Y, ya que de nacionalismo íbamos, la segunda lectura resulta más cercana (aviso que Regoyos ve muy distintos el caso belga y el español, o el caso belga y casi cualquier otro). “¿Aún podemos entendernos?” es el título de un libro que recoge conversaciones entre Felipe González y Miquel Roca, auxiliados en la tarea por Lluís Bassets. Ni los contertulios ni el facilitador necesitan mucha presentación, desde luego. El libro lleva el sugerente subtítulo de “conversaciones sobre el encaje de Cataluña en España”. Y es que, aunque González y Roca terminan hablando de muchas cosas, la “cuestión catalana” es el leit motiv del diálogo y su tema central.

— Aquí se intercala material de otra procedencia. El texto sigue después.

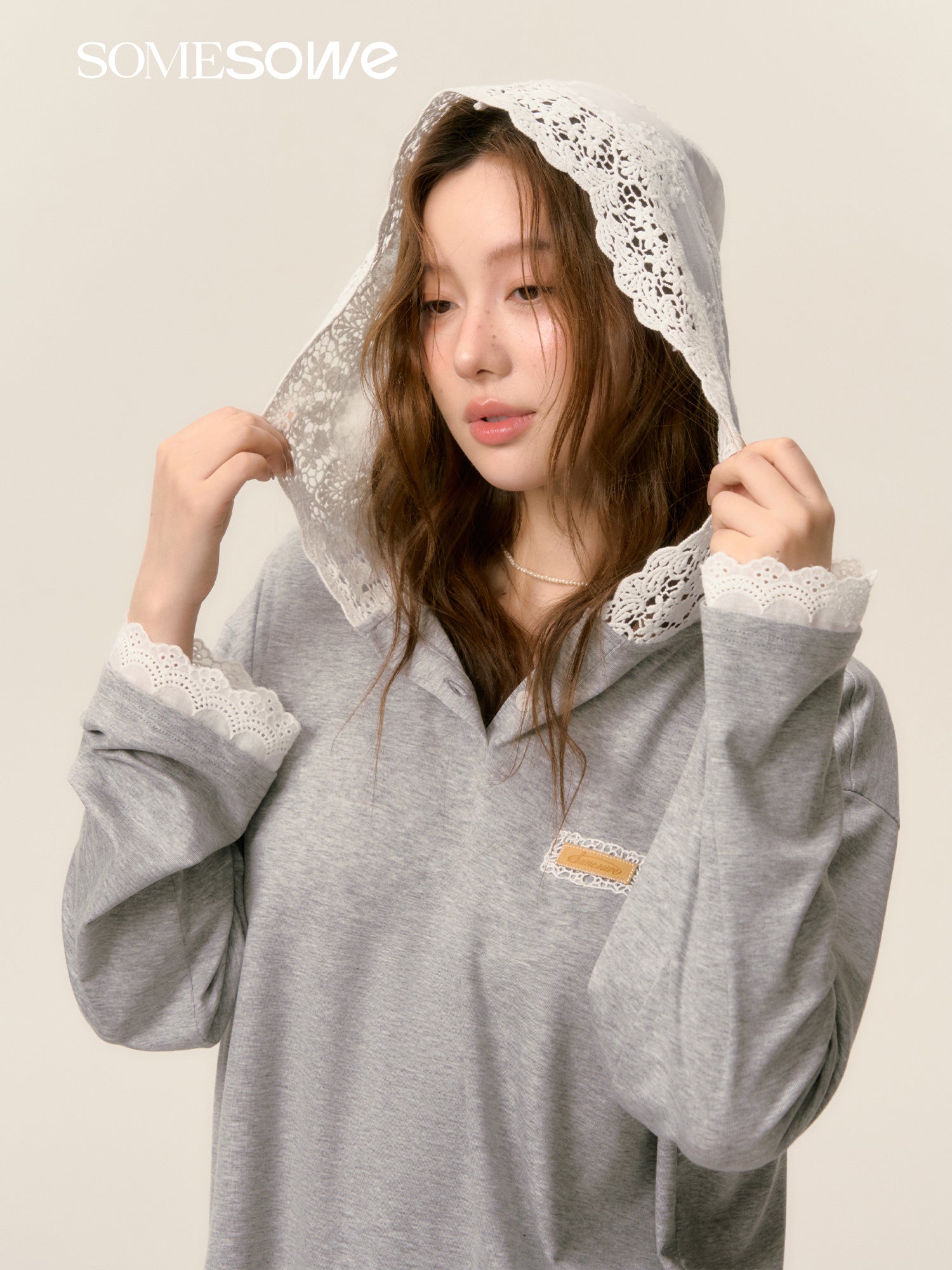 SOMESOWE S2508035 Lace patchwork hooded sunscreen top(2color)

Ninguno de los dos personajes puede ya sorprender a casi nadie –Bassets tampoco, creo- y muchas de las cosas que dicen uno y otro revelan mucha sensatez, experiencia y buen sentido. A veces, hasta autocrítica, sobre todo por parte de un González ya sublimado en su nuevo rol de “hombre sabio” a escala europea y consultor en los más variados temas, esto a escala mundial. Pero he de reconocer que, en su forma de afrontar la cuestión central, Cataluña y su encaje en España (recurrente, cómo no, el recurso a la muletilla “Cataluña y España” que, en sí, ya es toda una petición de principio) resultan decepcionantes por previsibles, por políticamente correctos.

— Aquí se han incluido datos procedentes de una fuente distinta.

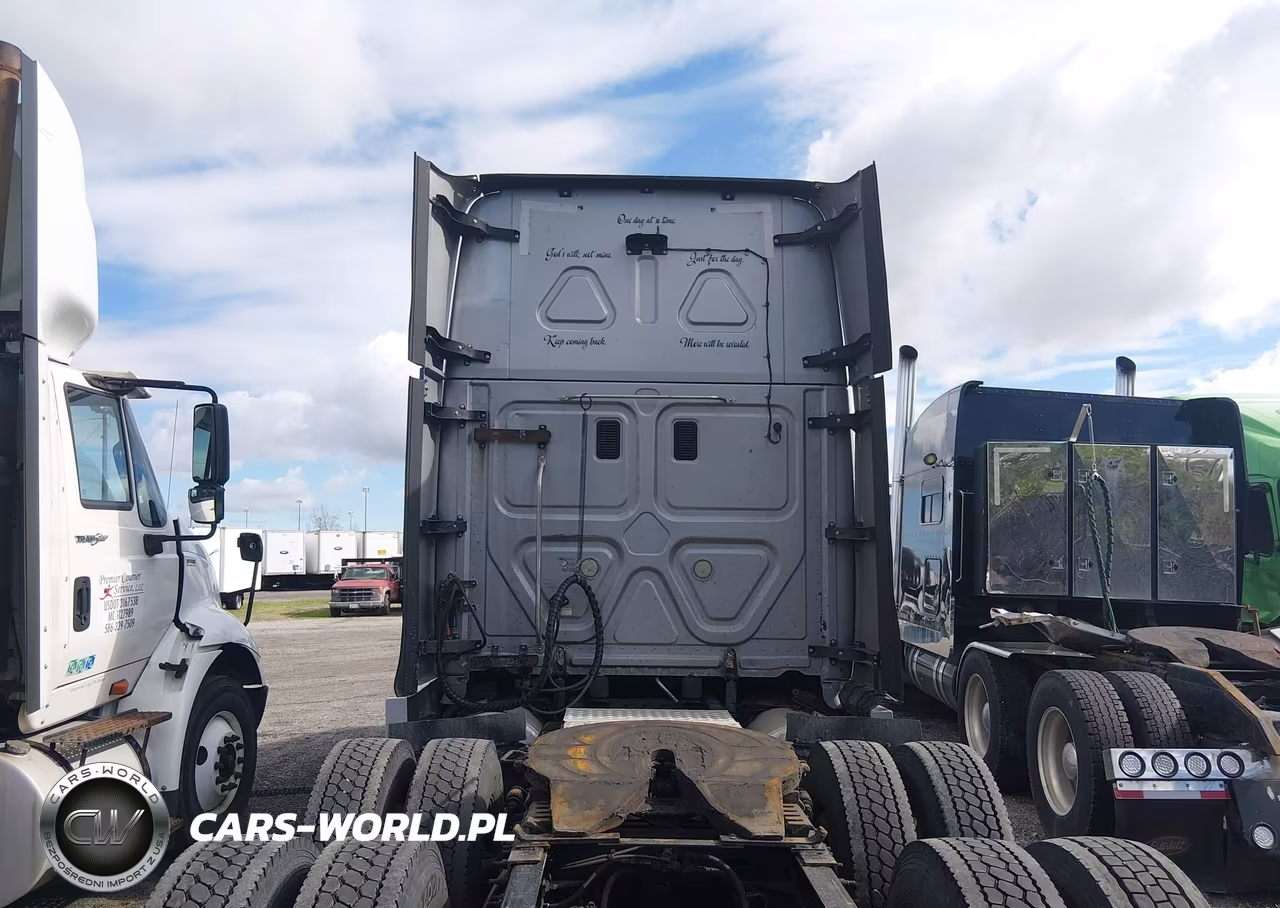 2015 Freightliner Cascadia 125 VIN:3AKJGLD53FSGH8641 - 15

Constatada la realidad de la desafección mutua, probablemente innegable por cualquiera con un mínimo de honestidad intelectual, la conclusión parece obvia: todo es atribuible, cómo no, a ese epítome del mal absoluto que es, que fue, el aznarismo, a ese PP torticero y manipulador y, más aún, a esa caverna mediática que genera una opinión publicada permanentemente hostil. Nada han hecho mal, por supuesto, el socialismo gobernante en España durante veintitantos de los menos de cuarenta años de democracia y los treinta y pocos de constitucionalismo del 78. Menos aún el catalanismo político, inherentemente virtuoso. Todo el daño a los consensos viene siempre de una parte, que se empeña contumazmente en desconocer la realidad plural de nuestro país y, por extensión, los derechos, hay que entender que preconstitucionales –prepolíticos, diría yo- de las nacionalidades que lo integran.

No parece haber mucho lugar al diálogo cuando se niega, por sistema y ab initio, cualquier legitimidad al discrepante. Tan es así que llega a sorprender que pueda hablarse de “cuestión catalana” en absoluto. Si cualquier disenso sobre la materia expulsa a quien lo expone a las cavernas mesetarias –donde habita el fantasma de esa España oscura de la que jamás formaron parte los elementos virtuosos de la nación- o, peor aún, lo degrada a nivel de tertuliano de TDT, ¿dónde está el debate? Habrá que entender que Bassets propuso a sus autores un libro para constatar lo mal que va todo, pero no sé a qué el título de “¿Aún podemos entendernos?”, puesto que no parece haber nadie con quien entenderse: el mundo se reduce a los que se entienden a las mil maravillas y aquellos con los que no será posible entenderse nunca.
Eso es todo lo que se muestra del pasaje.